Full-Year Operating Profit and EBITDA Resilience
Full-year sales of JPY 409.6 billion with operating profit of JPY 1.3 billion (in the black on an annual basis). EBITDA for the year was JPY 112.4 billion and largely unchanged YoY, demonstrating cash-earnings resilience.
Strong Operating Cash Flow
Operating cash flow for the year was positive JPY 100.0 billion, enabling the company to fund investments and maintain liquidity despite reported losses.
Material CapEx Reduction
Total CapEx fell to JPY 79.9 billion in 2025 from JPY 214.9 billion in 2024, a YoY reduction of JPY 135.0 billion (≈-62.8%), lowering near-term cash investment requirements.
Balance Sheet and Capital Metrics Stable
Total assets JPY 1,127.9 billion (down JPY 44.7b), liabilities JPY 480.2 billion (down JPY 35.2b). Equity-to-asset ratio remained healthy at 51.3% and gross D/E ratio was 0.61x.
Operational Wins and Customer Recognition
Leading-edge 300mm products highly rated by customers; company has received TSMC recognition for 12 consecutive years. Management highlights modernization plans and new plant capacity to meet leading-edge demand.
Maintained Dividend Policy
Despite a loss periods, fiscal year-end dividend set at JPY 10 per share, reflecting free cash flow considerations, cash position and significant retained earnings.
Negative Updates
Q4 and Q1 Profitability Weakness
Q4 operating profit was negative JPY 4.5 billion, ordinary loss JPY 5.9 billion and net loss attributable JPY 10.8 billion. Q1 guidance projects sales JPY 100 billion and an operating loss of JPY 6.0 billion with a net loss attributable of JPY 10.0 billion.
Full-Year Net Loss and Negative Free Cash Flow
Full-year net loss attributable to owners of the parent was JPY 11.7 billion and full-year free cash flow was negative JPY 11.4 billion (investment outflow JPY 111.4b vs operating inflow JPY 100.0b). Cash and deposits declined JPY 20.4 billion year-end.
Rising Depreciation Depressing Profitability
Depreciation rose JPY 36.7 billion YoY to JPY 115.6 billion (≈+46.5% vs prior-year depreciation of JPY 78.9b), accounting for the majority of the YoY operating profit decline (operating profit fell JPY 35.6b YoY).
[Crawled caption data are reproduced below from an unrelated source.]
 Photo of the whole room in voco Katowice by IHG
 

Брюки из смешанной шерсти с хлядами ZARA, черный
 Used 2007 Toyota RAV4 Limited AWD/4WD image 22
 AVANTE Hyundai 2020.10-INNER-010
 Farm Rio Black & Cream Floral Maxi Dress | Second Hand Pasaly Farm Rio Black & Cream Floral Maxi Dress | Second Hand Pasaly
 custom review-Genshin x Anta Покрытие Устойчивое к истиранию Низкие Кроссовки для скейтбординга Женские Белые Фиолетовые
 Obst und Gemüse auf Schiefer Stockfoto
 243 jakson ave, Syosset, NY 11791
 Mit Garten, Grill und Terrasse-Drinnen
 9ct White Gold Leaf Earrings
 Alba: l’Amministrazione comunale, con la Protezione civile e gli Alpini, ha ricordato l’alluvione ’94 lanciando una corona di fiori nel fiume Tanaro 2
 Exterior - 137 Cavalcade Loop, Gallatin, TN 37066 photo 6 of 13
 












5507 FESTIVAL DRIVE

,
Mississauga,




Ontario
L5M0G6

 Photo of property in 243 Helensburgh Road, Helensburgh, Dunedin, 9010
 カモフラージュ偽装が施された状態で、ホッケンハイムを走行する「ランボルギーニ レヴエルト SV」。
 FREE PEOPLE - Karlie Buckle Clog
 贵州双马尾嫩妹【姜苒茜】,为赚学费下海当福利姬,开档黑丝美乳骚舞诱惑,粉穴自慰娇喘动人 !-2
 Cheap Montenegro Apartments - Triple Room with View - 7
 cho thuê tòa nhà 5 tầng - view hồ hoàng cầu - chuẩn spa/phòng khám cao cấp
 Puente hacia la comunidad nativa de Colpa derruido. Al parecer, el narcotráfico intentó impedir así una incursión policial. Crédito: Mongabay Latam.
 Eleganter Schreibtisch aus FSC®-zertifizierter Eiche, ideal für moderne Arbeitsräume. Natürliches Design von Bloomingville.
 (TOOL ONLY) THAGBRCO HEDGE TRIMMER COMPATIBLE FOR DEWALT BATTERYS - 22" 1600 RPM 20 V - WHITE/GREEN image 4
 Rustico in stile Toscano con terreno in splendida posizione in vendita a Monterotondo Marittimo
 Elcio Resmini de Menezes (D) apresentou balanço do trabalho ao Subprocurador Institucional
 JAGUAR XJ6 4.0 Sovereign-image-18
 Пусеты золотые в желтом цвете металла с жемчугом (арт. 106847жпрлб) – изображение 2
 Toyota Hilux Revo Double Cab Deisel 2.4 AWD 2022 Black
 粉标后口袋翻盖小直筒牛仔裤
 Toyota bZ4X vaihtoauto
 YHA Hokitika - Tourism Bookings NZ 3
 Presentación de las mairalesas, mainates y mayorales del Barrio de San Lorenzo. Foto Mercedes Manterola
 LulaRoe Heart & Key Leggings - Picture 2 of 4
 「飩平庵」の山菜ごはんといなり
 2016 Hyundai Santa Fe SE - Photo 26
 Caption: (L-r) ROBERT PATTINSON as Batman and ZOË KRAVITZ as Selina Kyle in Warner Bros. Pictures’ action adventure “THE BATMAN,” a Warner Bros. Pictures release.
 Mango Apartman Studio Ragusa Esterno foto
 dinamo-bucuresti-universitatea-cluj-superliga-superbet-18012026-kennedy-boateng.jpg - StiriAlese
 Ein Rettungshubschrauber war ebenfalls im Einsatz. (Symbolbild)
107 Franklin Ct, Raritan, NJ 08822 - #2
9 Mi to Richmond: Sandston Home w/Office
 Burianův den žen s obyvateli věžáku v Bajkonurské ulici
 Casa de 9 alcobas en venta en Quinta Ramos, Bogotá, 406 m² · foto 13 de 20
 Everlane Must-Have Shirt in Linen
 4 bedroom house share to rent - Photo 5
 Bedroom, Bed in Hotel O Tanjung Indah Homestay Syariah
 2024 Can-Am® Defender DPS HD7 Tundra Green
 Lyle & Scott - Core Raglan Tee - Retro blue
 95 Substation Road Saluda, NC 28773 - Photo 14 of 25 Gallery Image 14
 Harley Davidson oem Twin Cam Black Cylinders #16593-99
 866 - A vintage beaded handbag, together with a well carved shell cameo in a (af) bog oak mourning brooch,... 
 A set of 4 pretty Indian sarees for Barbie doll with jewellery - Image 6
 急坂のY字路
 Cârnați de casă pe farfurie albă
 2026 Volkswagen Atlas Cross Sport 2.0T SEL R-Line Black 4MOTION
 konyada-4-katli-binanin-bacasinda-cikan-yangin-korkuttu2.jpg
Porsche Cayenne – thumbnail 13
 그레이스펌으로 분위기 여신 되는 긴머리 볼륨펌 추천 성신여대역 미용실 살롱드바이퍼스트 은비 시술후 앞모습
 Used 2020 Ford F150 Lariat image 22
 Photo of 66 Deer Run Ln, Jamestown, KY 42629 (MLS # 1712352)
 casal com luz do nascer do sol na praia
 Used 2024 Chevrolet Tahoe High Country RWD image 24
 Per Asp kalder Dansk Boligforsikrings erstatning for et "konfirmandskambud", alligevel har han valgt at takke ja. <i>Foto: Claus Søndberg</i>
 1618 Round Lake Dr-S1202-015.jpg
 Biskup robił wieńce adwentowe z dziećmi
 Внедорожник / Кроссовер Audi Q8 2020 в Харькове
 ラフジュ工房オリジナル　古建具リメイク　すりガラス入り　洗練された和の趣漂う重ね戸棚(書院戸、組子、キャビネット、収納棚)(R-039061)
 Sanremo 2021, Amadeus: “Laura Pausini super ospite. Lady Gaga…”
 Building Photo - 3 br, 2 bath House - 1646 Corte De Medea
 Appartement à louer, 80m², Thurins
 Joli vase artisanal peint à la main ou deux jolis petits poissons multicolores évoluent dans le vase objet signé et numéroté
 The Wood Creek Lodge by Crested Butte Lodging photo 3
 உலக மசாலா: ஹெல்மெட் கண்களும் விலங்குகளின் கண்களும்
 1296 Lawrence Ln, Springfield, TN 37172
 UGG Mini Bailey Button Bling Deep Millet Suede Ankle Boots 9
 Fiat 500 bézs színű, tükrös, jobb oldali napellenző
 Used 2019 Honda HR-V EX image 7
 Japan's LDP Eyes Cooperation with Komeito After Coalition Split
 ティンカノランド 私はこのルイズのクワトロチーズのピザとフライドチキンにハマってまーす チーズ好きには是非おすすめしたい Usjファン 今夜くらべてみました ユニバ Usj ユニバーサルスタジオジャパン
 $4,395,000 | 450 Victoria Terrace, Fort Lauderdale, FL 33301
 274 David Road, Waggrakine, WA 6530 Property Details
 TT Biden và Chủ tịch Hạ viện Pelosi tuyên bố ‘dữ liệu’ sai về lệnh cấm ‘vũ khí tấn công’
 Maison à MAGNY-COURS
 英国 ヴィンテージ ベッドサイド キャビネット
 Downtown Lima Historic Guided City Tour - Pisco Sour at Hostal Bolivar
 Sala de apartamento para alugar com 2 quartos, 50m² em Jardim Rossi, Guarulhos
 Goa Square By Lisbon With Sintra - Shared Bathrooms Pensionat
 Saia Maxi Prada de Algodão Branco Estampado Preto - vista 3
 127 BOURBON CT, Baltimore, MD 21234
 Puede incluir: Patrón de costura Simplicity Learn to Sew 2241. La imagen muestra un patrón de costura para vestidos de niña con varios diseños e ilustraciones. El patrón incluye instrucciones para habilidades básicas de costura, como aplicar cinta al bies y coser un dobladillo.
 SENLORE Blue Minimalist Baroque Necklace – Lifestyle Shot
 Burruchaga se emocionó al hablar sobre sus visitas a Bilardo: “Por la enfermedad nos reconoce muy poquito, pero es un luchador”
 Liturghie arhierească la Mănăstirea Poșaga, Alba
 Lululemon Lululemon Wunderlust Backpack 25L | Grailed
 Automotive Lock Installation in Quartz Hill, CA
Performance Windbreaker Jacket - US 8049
Product-Mix and Margin Pressure (PW vs Epi)
Higher-than-expected polished wafer (PW) sales versus epitaxial wafers reduced marginal profitability; contribution from volume/mix to profit was only ~JPY 0.5 billion despite sales growth.
Structural Decline in 200-millimeter Market
200mm wafers declined structurally: -21% in 2023, -13% in 2024 and -4% in 2025. Commodity 200mm prices softened and company does not expect a structural rebound.
Legacy-Node Inventory Overhang
Significant elevated inventory in legacy logic nodes (non-leading edge); customers' purchase volumes currently exceed wafer inputs, prompting one-off inventory normalization actions that will pressure near-term demand.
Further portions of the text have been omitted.